**Required action**
Each record must be printed again exactly as it appears.

[Caption-style text data]
──────

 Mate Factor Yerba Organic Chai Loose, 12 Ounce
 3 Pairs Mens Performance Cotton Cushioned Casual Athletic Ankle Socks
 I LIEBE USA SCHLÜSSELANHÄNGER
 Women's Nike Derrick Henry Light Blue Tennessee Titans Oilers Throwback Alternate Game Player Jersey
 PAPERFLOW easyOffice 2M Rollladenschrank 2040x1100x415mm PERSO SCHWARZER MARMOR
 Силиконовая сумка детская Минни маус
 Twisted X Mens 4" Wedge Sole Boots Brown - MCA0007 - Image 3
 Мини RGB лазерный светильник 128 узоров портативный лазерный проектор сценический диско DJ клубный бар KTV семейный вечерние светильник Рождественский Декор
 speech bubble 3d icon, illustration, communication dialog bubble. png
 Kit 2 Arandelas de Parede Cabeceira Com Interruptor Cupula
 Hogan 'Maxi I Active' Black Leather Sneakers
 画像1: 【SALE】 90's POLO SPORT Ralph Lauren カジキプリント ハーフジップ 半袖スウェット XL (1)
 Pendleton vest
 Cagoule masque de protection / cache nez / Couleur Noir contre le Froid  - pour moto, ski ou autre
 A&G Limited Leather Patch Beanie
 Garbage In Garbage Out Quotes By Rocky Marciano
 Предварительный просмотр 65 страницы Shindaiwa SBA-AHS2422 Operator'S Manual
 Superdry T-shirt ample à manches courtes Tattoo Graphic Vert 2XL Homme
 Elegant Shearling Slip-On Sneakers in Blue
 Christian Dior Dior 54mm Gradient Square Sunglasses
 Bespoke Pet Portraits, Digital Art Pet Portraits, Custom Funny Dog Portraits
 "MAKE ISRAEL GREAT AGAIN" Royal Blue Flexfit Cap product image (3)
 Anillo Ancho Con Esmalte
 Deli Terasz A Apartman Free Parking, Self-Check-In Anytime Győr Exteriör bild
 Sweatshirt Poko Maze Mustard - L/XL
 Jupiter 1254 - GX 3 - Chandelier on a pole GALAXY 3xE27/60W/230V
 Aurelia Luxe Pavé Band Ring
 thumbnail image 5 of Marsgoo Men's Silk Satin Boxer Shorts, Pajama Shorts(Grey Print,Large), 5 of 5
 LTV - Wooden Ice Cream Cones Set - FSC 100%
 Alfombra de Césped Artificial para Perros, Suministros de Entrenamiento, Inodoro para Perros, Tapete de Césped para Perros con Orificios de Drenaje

──────

**Output of the exercise**
 Mate Factor Yerba Organic Chai Loose, 12 Ounce
 3 Pairs Mens Performance Cotton Cushioned Casual Athletic Ankle Socks
 I LIEBE USA SCHLÜSSELANHÄNGER
 Women's Nike Derrick Henry Light Blue Tennessee Titans Oilers Throwback Alternate Game Player Jersey
 PAPERFLOW easyOffice 2M Rollladenschrank 2040x1100x415mm PERSO SCHWARZER MARMOR
 Силиконовая сумка детская Минни маус
 Twisted X Mens 4" Wedge Sole Boots Brown - MCA0007 - Image 3
 Мини RGB лазерный светильник 128 узоров портативный лазерный проектор сценический диско DJ клубный бар KTV семейный вечерние светильник Рождественский Декор
 speech bubble 3d icon, illustration, communication dialog bubble. png
 Kit 2 Arandelas de Parede Cabeceira Com Interruptor Cupula
 Hogan 'Maxi I Active' Black Leather Sneakers
 画像1: 【SALE】 90's POLO SPORT Ralph Lauren カジキプリント ハーフジップ 半袖スウェット XL (1)
 Pendleton vest
 Cagoule masque de protection / cache nez / Couleur Noir contre le Froid  - pour moto, ski ou autre
 A&G Limited Leather Patch Beanie
 Garbage In Garbage Out Quotes By Rocky Marciano
 Предварительный просмотр 65 страницы Shindaiwa SBA-AHS2422 Operator'S Manual
 Superdry T-shirt ample à manches courtes Tattoo Graphic Vert 2XL Homme
 Elegant Shearling Slip-On Sneakers in Blue
 Christian Dior Dior 54mm Gradient Square Sunglasses
 Bespoke Pet Portraits, Digital Art Pet Portraits, Custom Funny Dog Portraits
 "MAKE ISRAEL GREAT AGAIN" Royal Blue Flexfit Cap product image (3)
 Anillo Ancho Con Esmalte
 Deli Terasz A Apartman Free Parking, Self-Check-In Anytime Győr Exteriör bild
 Sweatshirt Poko Maze Mustard - L/XL
 Jupiter 1254 - GX 3 - Chandelier on a pole GALAXY 3xE27/60W/230V
 Aurelia Luxe Pavé Band Ring
 thumbnail image 5 of Marsgoo Men's Silk Satin Boxer Shorts, Pajama Shorts(Grey Print,Large), 5 of 5
 LTV - Wooden Ice Cream Cones Set - FSC 100%
 Alfombra de Césped Artificial para Perros, Suministros de Entrenamiento, Inodoro para Perros, Tapete de Césped para Perros con Orificios de Drenaje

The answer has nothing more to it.